Over the past 12 months, World Land Trust (WLT) has been able to send funding to overseas partners to save 88,766 acres (35,923 hectares).
The figures were announced at WLT’s AGM, which was held in Suffolk on 18 June 2014.
Landscape level conservation
During the AGM, conservation staff described developments in WLT’s approach to conservation, which is focused at the landscape level.
WLT prioritises strategic land purchases within a wider landscape: corridors, buffer zones and extensions to existing reserves. WLT’s Keruak Corridor project in Malaysian Borneo is a good example of this approach.
Throughout the floodplain of the Kinabatangan River in Sabah, Borneo, there is a patchwork of protected areas which are becoming increasingly fragmented by land use change driven by palm oil production.
WLT is supporting its local partners in Sabah to combat this fragmentation by funding strategic land purchases which connect these reserves. Working with local communities, government bodies, and the palm oil sector, the aim is to create a contiguous riverine corridor which will benefit wildlife and protect the river from sedimentation and agricultural run-off.
While individual transactions may be small, in the broader context they are highly significant and strengthen the resilience of the landscape.
During the AGM, David Wright, WLT’s Head of Programmes, recognised WLT’s success in developing a highly effective conservation strategy based on land purchase. He also acknowledged that this approach is becoming increasingly challenging as global land prices escalate, largely in response to land conversion for agriculture.
In response to this challenge, in recent years, WLT has diversified its approach to acquire land use rights through the negotiation of land leases, including those financed by the private sector for the purposes of carbon sequestration.
Looking ahead to the next 25 years, David set out a vision for the Trust that involves working ever closely with conservation partners and other stakeholders to reduce the impacts of land use change and to implement landscape level conservation programmes linked to broader regional conservation initiatives.
He explained: “This approach will require us to develop longer programme planning cycles which will expose us to greater opportunities for match funding, grant income and other sources of funding. This will help us to maximise our conservation impact and further strengthen our Conservation Alliance of partner NGOs.”

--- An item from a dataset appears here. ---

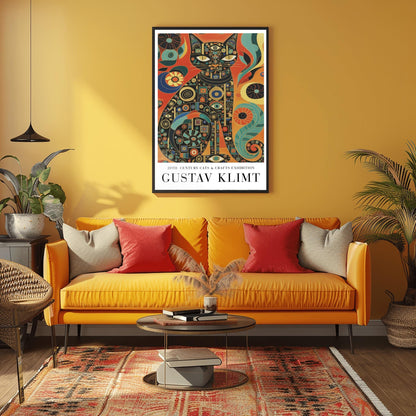 Gustav Klimt Inspiration Cat Poster, Golden Art Nouveau Print, Cats and Crafts Exhibition, Whimsical Wall Decor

Throughout its 25 year history WLT has shown itself to be extremely flexible, able to seize opportunities and adapt to changing circumstances. As WLT has matured as an organisation so too has the knowhow of its staff, Trustees, Council members and partners. As WLT prepares to meet current and future challenges, it is that versatility, skill and experience that will provide the springboard for the next 25 years of successes.
The figure of 88,766 acres relates to the period July 2013/June 2014.